In the listing that follows, the range to quote begins at the line that has "Buffalo Leather Folding" and ends after the line that has "Panasonic CT-F2925N, CT-F2925LN Diagram"; quote it verbatim and add nothing.

········

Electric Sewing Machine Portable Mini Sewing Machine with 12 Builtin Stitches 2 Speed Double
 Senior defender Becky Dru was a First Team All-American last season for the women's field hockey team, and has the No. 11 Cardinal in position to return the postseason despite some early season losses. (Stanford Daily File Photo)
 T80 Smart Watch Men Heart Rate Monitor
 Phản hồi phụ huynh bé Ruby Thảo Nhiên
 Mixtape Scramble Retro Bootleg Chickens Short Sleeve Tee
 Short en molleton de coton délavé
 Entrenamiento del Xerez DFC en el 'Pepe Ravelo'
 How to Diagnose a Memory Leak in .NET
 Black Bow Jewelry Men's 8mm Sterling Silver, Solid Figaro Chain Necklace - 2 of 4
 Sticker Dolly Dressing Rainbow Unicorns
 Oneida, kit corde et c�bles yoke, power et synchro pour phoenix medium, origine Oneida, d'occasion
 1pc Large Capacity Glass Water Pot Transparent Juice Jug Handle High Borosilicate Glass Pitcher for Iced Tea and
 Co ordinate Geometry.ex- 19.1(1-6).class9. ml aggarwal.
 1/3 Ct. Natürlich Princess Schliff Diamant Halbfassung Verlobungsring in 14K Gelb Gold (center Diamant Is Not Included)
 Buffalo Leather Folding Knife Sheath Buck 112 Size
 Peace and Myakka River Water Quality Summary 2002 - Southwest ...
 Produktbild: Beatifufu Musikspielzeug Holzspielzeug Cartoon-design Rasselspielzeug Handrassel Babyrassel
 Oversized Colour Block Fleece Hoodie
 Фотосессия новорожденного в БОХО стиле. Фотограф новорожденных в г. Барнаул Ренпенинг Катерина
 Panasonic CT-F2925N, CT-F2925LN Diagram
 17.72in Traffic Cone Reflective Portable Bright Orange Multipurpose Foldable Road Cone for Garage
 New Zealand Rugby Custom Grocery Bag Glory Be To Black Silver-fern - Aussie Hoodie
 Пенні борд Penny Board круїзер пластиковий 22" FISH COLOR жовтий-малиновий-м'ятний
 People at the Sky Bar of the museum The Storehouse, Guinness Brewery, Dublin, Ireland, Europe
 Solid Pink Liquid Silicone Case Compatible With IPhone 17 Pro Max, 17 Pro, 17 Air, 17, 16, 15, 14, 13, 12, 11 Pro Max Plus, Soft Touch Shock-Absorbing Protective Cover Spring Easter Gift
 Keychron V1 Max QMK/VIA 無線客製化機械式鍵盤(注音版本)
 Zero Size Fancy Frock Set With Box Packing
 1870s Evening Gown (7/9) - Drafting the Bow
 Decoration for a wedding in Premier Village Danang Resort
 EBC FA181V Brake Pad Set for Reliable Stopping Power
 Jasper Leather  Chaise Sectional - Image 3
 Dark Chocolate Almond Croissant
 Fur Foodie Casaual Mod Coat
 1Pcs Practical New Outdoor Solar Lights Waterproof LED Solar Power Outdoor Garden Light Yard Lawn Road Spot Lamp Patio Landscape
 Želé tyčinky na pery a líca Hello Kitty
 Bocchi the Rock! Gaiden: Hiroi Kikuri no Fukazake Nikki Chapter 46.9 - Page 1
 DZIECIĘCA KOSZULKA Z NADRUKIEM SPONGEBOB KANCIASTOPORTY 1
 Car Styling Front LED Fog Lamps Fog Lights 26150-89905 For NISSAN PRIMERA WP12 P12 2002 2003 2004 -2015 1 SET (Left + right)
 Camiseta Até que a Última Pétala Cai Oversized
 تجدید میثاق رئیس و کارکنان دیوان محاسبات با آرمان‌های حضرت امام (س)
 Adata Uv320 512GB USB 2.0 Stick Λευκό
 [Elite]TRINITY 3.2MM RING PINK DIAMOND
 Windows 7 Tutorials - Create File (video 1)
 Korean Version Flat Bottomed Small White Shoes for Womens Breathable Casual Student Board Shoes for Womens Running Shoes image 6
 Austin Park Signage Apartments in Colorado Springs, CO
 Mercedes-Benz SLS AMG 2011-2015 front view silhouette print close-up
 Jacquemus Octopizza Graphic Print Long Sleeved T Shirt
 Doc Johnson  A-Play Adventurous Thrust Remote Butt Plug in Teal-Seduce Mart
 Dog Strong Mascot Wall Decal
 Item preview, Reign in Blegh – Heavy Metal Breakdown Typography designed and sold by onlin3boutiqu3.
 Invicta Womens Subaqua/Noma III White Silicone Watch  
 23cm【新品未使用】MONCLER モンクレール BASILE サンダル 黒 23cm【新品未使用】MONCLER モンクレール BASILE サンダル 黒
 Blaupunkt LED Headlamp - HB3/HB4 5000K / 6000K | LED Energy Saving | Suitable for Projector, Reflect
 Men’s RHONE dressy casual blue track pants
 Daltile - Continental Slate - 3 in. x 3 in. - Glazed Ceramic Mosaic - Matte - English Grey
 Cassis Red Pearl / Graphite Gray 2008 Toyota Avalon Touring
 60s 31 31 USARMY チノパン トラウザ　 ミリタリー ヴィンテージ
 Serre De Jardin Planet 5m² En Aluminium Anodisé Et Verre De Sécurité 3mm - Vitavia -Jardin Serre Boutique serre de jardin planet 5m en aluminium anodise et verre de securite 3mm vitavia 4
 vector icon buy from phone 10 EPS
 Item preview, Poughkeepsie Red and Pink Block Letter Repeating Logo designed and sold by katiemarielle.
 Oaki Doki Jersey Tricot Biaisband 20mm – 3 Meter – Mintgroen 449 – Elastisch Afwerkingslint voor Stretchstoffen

········

Result of the task >>
 Buffalo Leather Folding Knife Sheath Buck 112 Size
 Peace and Myakka River Water Quality Summary 2002 - Southwest ...
 Produktbild: Beatifufu Musikspielzeug Holzspielzeug Cartoon-design Rasselspielzeug Handrassel Babyrassel
 Oversized Colour Block Fleece Hoodie
 Фотосессия новорожденного в БОХО стиле. Фотограф новорожденных в г. Барнаул Ренпенинг Катерина
 Panasonic CT-F2925N, CT-F2925LN Diagram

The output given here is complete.